Now select the hdfs-model.py file and select Run>Run All your training should look like this

training

Back to the Edge

Now that you have a model stored on HDFS we can move it back to the edge to complete the cycle. Navigate to NiFi UI and create a new GetHDFS processor:

In Settings, Update processor name to GetModel.

Update the following processor properties:

Table 7: Update GetModel Properties

Property Value
Hadoop Configuration Resources /etc/hadoop/conf.cloudera.hdfs/core-site.xml
Directory /tmp/model
Recurse Subdirectories false

Then connect the new Processor to a new Output Port called FromHDFStoMiNiFi

your NiFi canvas should look like this

gethdfs

Now in CEM, Create a new PutFile processor

Double Click on the PutFile processor and set the following Properties

Table 10: Update PutFile Properties

Property Value
PROCESSOR NAME PutModel
Directory /tmp/fromHDFS/model/
Conflict Resolution Strategy Replace
Create Missing Directories true

Also click the boxes for Success and Failure in the AUTOMATICALLY TERMINATED RELATIONSHIPS section, then Apply

Connect the NiFi RPG to the processor, then add the ID of the NiFi Output Port you created in the previous step:

Table 9: Add Output Port ID for RPG connection

Settings Value
Source Output Port ID <NiFi-Output-port-ID>

once you are finished your flow should look like this

minifiedge

Next select Action and publish the MiNiFi flow.

Finally, open the NiFi UI and start the processors to begin the flow of the model back into the edge device.

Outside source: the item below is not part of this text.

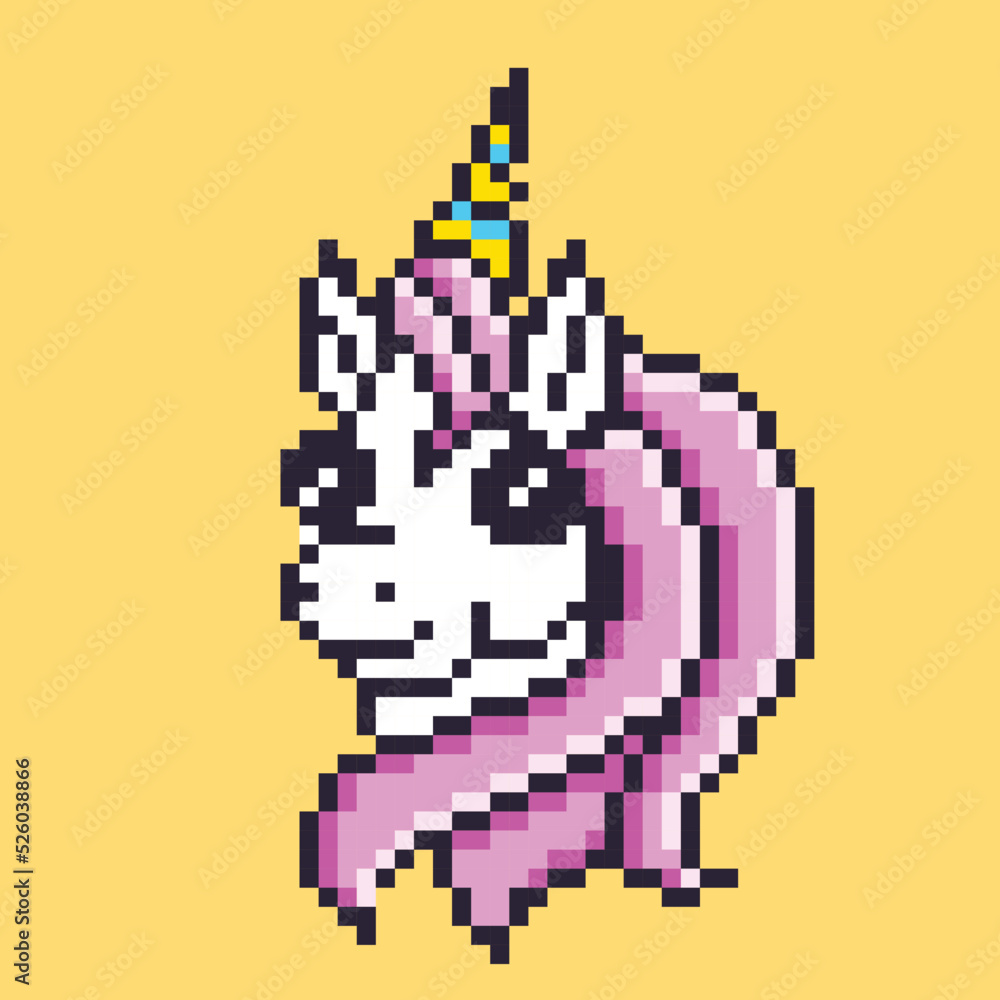 Fototapeta premium Cute female unicorn smiling. Vector 8 bit pixel art illustration. Isolated background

We can simply move the model into the location where ROS is expecting it to be and run CDSV with our new AI.

Conclusion

We began the Edge to AI journey with raw data and ended with a practical Machine Learning model back into the device which was used to collect the data itself, with automation scripts we may use this model to enable the car to drive autonomously while we stream even more data to HDFS to continue the training process. Further, we may author a flow which deploys the same model across a fleet of autonomous vehicles this vehicles in turn can share the different data that they all gather to improve the model even further. With this tutorial you now know how to build your own Edge to AI cycle we are exited to see what your create with this new knowledge!.